C’est un bourdonnement urbain qui, si vous lui accordez l’attention qu’il réclame, se décomposera en des milliers de paroles distinctes. Alors là, vous entendrez les Estriens rêver à l’été de toutes les folies qui s’étale devant eux. Ça parlera de road trips à l’improviste, de fêtes du lac, de grandes bouffes jusqu’à l’aurore.

Mais moi, pour bien isoler chacune de ces voix, je dois d’abord faire taire Paul-le-mélancolique qui a noyauté mon esprit avec son souhait que cet été soit à l’image du précédent, un tyrannique ver d’oreille. «I wish this summer / was like last summer», répète-t-il en boucle entre mes deux oreilles, bien après que j’ai éteint mon iPod.

Poussé dans mes derniers retranchements, je n’ai d’autre choix que de lui répliquer, à voix haute, que l’été qui se profile à l’horizon est l’été de tous les possibles. «Reviens-en, Paul, de l’été dernier», que je vocifère dans le vide face aux mines ahuries des passants qui m’élisent dare-dare nouveau fou du village, avant que ma parole ne se transforme en une logorrhée d’où sourdent les mots «Lisa LeBlanc à Sherblues», «lackofsleep au Shazam Fest», «Concerts de la Cité», «Kid Koala au Festival Owl’s Head». À l’humeur lugubre de Saulnier, j’oppose cet aperçu confus, quoique résolu, de mon agenda estival. Des concerts qui, je le sais, me donneront la grisante impression d’être en vie.

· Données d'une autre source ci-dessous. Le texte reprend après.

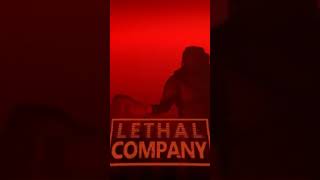 Lethal Company Soundtrack  Boombox Song 5 [upl. by Peednam697]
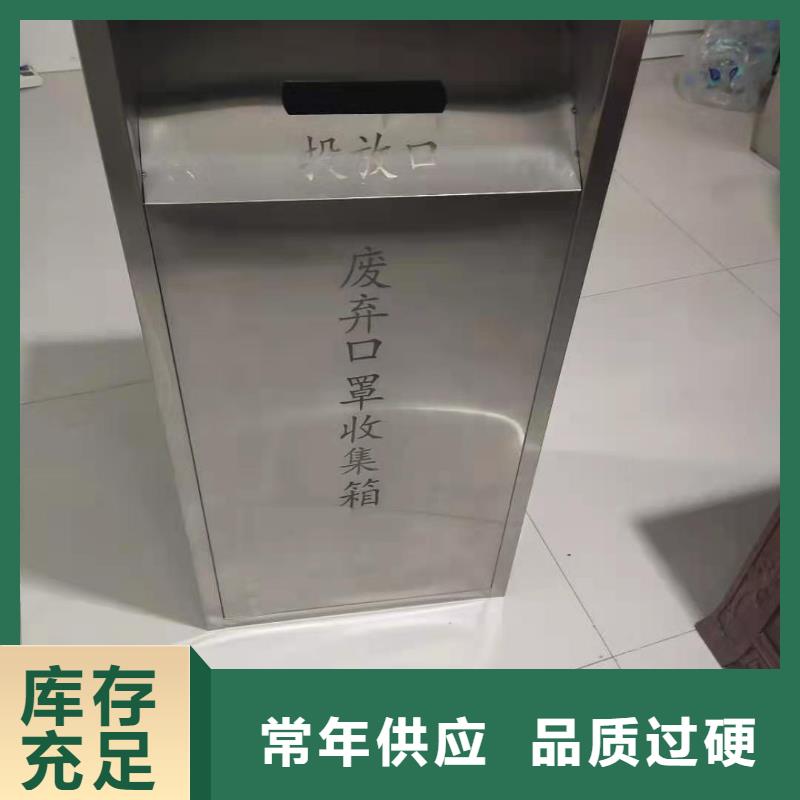文件消毒柜实验室操作台客户满意度高同城制造商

Calmé, je m’engouffre dans un taxi. Sans se retourner, le chauffeur lève l’index: «Attends deux secondes.» Dépliée sur son volant repose une récente édition de Voir Estrie. «C’est triste que ce soit sa dernière chronique, il était bien ce mec», qu’il finit par me lancer en refermant le journal, avant de mettre le moteur en marche. Le mec dont il parle, c’est Matthieu Petit, mon ex-rédacteur en chef, un ami à qui je dois tant. Il est encore bien ce mec, me dis-je à part moi. J’irai, je l’espère, voir quelques concerts avec lui cet été.